(Crawled caption data)
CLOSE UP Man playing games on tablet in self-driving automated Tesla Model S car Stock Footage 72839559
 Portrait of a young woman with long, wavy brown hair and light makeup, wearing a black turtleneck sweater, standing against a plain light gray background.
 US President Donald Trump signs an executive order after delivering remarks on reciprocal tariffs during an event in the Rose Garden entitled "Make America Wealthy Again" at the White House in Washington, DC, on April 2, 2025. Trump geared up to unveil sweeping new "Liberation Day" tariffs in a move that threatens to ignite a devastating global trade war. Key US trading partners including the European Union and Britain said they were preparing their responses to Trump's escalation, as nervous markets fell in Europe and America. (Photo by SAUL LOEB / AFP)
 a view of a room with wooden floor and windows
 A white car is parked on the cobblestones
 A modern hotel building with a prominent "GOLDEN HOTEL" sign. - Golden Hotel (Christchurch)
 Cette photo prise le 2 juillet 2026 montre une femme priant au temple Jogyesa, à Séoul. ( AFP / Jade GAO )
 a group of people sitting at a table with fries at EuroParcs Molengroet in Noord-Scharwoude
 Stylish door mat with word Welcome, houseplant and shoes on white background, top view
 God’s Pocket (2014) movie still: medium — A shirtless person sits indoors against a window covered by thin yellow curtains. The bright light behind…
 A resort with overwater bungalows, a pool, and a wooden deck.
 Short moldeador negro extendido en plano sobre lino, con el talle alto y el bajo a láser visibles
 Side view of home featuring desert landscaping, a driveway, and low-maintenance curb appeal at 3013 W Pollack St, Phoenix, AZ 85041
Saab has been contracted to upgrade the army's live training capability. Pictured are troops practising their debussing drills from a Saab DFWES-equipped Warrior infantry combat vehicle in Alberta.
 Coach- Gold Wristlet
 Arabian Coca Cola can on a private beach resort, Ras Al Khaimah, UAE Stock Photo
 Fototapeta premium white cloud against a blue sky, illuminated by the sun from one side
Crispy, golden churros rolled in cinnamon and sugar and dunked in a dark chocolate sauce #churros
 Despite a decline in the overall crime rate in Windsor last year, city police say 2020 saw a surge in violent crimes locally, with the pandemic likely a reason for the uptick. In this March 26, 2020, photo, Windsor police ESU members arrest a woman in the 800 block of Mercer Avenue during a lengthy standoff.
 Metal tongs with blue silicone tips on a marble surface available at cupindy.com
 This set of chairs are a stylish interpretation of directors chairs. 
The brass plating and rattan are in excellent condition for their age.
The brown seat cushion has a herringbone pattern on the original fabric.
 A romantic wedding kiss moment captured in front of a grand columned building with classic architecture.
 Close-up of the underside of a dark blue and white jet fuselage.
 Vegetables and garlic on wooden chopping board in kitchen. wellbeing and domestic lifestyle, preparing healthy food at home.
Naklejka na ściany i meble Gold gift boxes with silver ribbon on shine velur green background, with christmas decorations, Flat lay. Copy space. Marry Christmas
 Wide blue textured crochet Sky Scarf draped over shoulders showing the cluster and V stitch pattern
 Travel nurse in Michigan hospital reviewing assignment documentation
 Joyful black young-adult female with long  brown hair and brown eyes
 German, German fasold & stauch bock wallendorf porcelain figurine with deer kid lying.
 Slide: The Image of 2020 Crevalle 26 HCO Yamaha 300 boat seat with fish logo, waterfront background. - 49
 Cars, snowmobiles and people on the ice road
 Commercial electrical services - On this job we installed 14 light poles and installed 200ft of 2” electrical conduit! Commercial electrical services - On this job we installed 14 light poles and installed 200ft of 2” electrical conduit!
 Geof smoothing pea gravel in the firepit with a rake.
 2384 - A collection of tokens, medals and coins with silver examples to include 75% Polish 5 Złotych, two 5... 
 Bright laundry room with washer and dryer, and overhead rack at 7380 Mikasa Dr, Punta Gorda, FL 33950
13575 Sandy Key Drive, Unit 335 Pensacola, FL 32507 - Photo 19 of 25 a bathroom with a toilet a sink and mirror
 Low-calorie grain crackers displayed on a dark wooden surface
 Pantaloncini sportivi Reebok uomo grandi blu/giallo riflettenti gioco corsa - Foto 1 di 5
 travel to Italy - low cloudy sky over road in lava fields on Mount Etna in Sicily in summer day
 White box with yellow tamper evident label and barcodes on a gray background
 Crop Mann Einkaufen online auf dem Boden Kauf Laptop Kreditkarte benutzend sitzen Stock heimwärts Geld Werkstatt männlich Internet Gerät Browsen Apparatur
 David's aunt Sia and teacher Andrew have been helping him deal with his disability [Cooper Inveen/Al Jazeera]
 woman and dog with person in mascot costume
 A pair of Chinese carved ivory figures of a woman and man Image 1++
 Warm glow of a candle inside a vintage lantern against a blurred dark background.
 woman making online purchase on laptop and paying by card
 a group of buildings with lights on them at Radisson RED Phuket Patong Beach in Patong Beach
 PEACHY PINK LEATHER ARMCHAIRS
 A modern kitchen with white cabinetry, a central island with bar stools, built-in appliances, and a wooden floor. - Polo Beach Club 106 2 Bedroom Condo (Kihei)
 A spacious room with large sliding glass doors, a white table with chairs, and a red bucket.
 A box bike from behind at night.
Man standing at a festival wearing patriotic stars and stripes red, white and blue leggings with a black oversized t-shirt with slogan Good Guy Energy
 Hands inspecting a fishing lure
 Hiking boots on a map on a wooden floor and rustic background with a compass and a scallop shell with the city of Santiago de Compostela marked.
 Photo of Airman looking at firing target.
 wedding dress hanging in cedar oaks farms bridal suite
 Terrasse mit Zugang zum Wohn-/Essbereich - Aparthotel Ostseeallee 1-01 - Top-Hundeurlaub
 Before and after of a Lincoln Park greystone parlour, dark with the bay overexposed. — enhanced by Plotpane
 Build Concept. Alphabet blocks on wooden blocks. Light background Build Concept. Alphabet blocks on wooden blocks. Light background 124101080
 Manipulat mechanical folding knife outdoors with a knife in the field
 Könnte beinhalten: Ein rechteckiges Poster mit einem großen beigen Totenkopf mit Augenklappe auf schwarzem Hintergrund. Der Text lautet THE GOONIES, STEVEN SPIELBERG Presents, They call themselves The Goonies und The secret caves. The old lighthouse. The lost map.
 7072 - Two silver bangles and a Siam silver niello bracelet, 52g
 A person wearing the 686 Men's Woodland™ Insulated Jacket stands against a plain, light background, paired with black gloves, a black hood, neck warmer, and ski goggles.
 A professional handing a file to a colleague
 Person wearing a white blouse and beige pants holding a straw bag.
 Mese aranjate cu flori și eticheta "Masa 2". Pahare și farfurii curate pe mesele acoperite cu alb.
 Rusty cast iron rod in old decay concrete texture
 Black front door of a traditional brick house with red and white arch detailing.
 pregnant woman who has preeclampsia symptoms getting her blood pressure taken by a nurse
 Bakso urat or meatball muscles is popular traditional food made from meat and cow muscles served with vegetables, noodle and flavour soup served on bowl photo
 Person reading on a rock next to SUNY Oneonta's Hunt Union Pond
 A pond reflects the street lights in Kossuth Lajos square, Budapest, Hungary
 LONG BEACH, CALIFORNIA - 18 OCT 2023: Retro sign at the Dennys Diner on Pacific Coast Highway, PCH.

## Task requirements
In the data above, find the line that contains "A box bike from behind at night." and the line that contains "Photo of Airman looking at firing target.". Repeat exactly those lines and every line between them, and only those.

## Solution below
 A box bike from behind at night.
Man standing at a festival wearing patriotic stars and stripes red, white and blue leggings with a black oversized t-shirt with slogan Good Guy Energy
 Hands inspecting a fishing lure
 Hiking boots on a map on a wooden floor and rustic background with a compass and a scallop shell with the city of Santiago de Compostela marked.
 Photo of Airman looking at firing target.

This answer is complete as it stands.